(Brief descriptive captions)
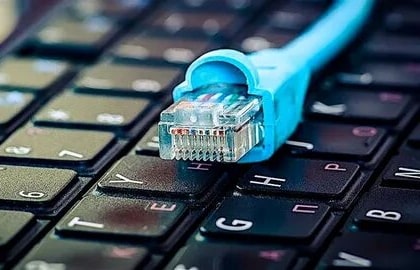 Как выбрать интернет‑провайдера в Заинске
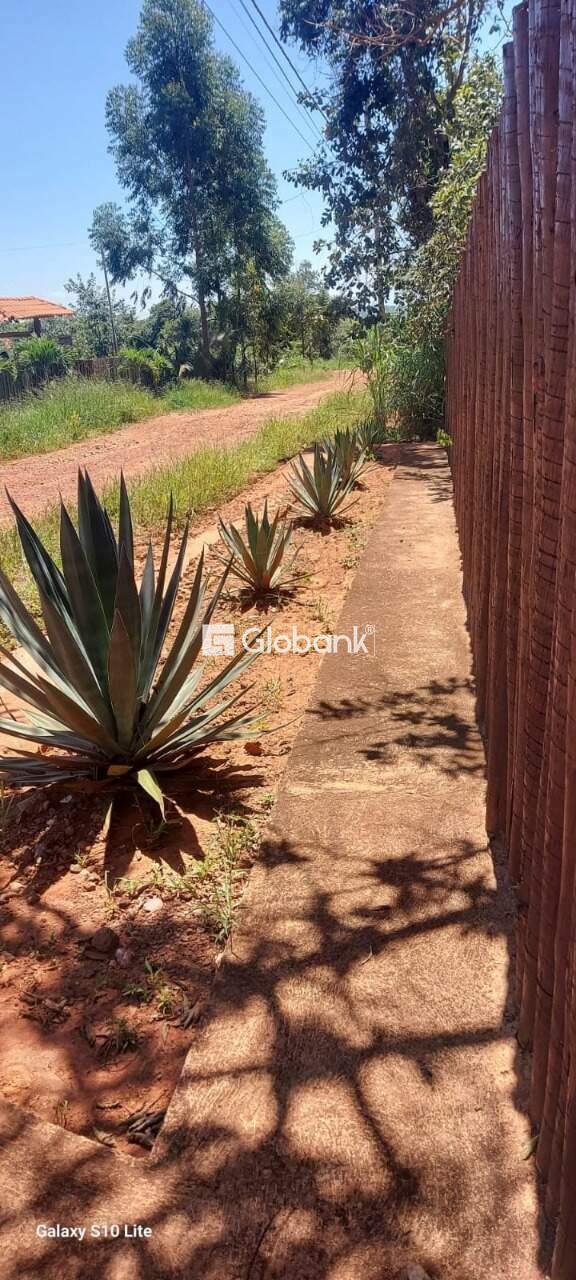Casa 3 quartos à venda Alice Maia 2.000m² Montes Claros MG: 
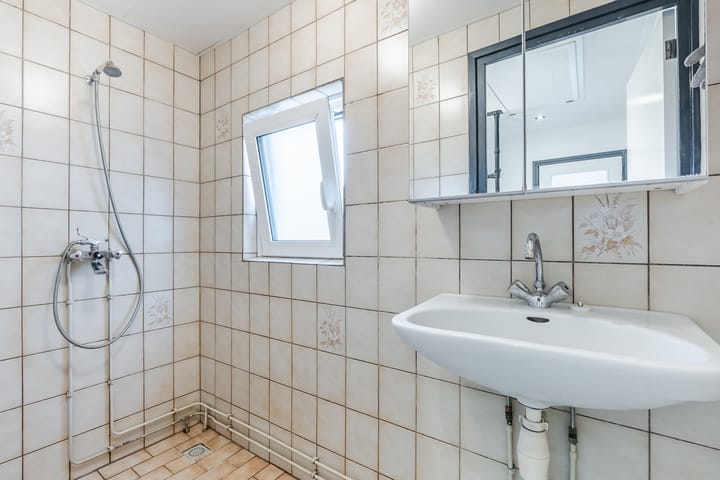 Foto 25 van Berghuizen 17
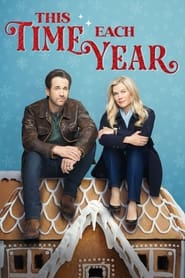 This Time Each Year This Time Each Year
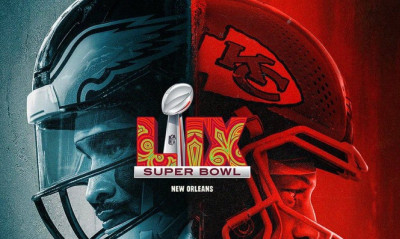 Super Bowl: Στα 8 εκατ. δολάρια η κάθε διαφήμιση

Work item - Please transcribe, with no additions, the lines starting at the one that contains "Casa 3 quartos" and running through the last line of the entries, inclusive. Leave the pictures out.

Written response -
Casa 3 quartos à venda Alice Maia 2.000m² Montes Claros MG: 
 Foto 25 van Berghuizen 17
 This Time Each Year This Time Each Year
 Super Bowl: Στα 8 εκατ. δολάρια η κάθε διαφήμιση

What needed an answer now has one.